> _Data shown_:
_ _ _
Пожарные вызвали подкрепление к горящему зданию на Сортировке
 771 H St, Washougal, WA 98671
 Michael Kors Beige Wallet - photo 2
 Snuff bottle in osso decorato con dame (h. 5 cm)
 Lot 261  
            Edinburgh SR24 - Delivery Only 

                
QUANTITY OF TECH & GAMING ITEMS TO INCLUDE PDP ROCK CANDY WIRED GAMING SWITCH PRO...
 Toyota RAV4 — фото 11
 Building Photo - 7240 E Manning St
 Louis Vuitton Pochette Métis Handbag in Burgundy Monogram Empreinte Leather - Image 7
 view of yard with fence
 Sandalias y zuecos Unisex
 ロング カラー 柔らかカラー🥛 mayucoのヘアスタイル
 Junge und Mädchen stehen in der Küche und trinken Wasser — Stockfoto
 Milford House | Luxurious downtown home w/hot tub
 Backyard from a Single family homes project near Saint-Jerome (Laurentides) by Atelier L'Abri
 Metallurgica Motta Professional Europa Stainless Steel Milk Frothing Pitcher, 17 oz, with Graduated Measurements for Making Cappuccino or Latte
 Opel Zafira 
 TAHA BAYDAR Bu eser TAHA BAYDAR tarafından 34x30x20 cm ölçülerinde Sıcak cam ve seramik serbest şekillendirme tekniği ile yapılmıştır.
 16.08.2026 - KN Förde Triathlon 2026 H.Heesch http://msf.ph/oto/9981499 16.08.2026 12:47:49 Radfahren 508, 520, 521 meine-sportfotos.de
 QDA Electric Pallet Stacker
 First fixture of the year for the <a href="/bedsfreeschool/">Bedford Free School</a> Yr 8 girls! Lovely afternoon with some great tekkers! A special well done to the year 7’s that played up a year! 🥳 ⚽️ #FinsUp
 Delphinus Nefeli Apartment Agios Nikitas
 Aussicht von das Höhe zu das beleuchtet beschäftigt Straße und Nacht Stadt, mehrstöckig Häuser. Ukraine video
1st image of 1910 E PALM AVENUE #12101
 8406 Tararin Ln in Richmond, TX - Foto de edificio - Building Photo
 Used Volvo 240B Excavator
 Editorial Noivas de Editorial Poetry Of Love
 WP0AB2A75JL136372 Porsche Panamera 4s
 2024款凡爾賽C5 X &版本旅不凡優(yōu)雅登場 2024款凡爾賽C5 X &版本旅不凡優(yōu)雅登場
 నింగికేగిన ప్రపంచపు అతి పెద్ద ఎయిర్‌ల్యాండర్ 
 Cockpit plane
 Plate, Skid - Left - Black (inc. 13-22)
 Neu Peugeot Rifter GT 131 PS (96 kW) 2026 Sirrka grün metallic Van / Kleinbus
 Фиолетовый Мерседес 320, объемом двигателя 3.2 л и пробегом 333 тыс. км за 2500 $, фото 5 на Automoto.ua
_ _ _
> _Exercise goal_:
Reproduce the records above exactly, from the first line through the line containing "Backyard from a", and output nothing else.

> _Solution for this task_:
Пожарные вызвали подкрепление к горящему зданию на Сортировке
 771 H St, Washougal, WA 98671
 Michael Kors Beige Wallet - photo 2
 Snuff bottle in osso decorato con dame (h. 5 cm)
 Lot 261  
            Edinburgh SR24 - Delivery Only 

                
QUANTITY OF TECH & GAMING ITEMS TO INCLUDE PDP ROCK CANDY WIRED GAMING SWITCH PRO...
 Toyota RAV4 — фото 11
 Building Photo - 7240 E Manning St
 Louis Vuitton Pochette Métis Handbag in Burgundy Monogram Empreinte Leather - Image 7
 view of yard with fence
 Sandalias y zuecos Unisex
 ロング カラー 柔らかカラー🥛 mayucoのヘアスタイル
 Junge und Mädchen stehen in der Küche und trinken Wasser — Stockfoto
 Milford House | Luxurious downtown home w/hot tub
 Backyard from a Single family homes project near Saint-Jerome (Laurentides) by Atelier L'Abri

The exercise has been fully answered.